TASK INSTRUCTIONS: Reproduce exactly the line containing "Luxury Villa With" and each line after it until the listing ends, leaving pictures out.

(PROVIDED MATERIAL begins)

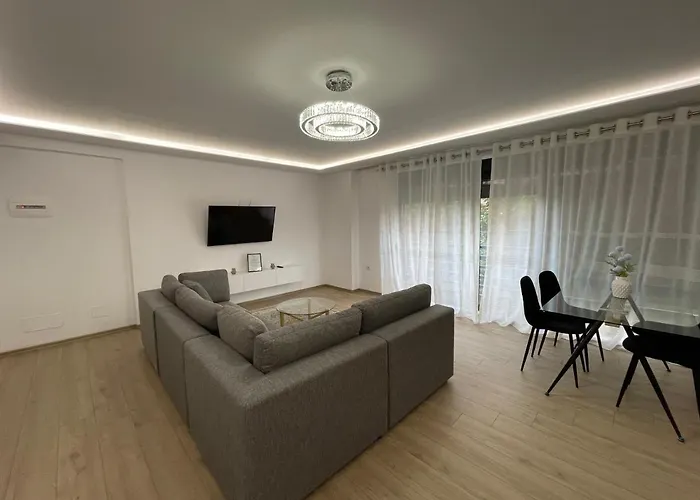 New Bazaar 2022 * Tirana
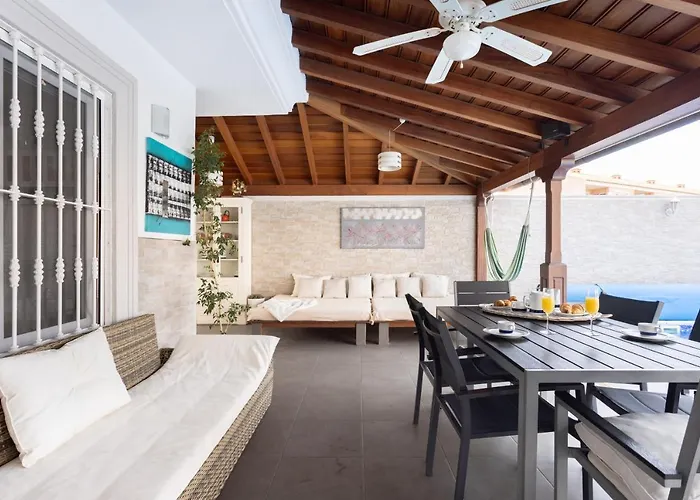 Luxury Villa With Private Pool With Aircon,Playa Del Duque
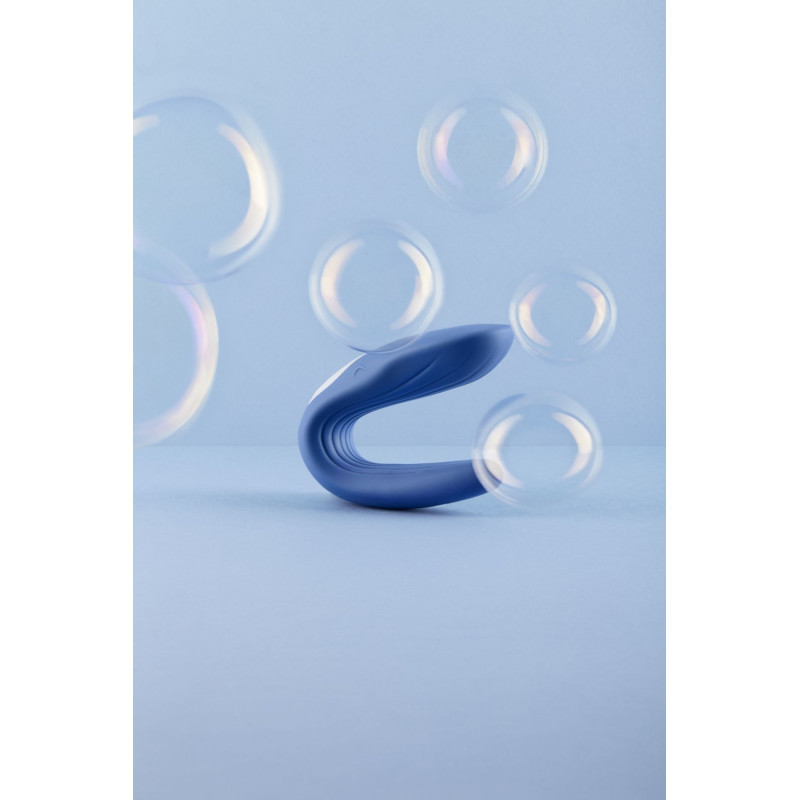 Satisfyer Double Whale - рожевий вібратор для пар у дії, що створює приємні вібрації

(PROVIDED MATERIAL ends)

RESPONSE TO THE TASK:
 Luxury Villa With Private Pool With Aircon,Playa Del Duque
 Satisfyer Double Whale - рожевий вібратор для пар у дії, що створює приємні вібрації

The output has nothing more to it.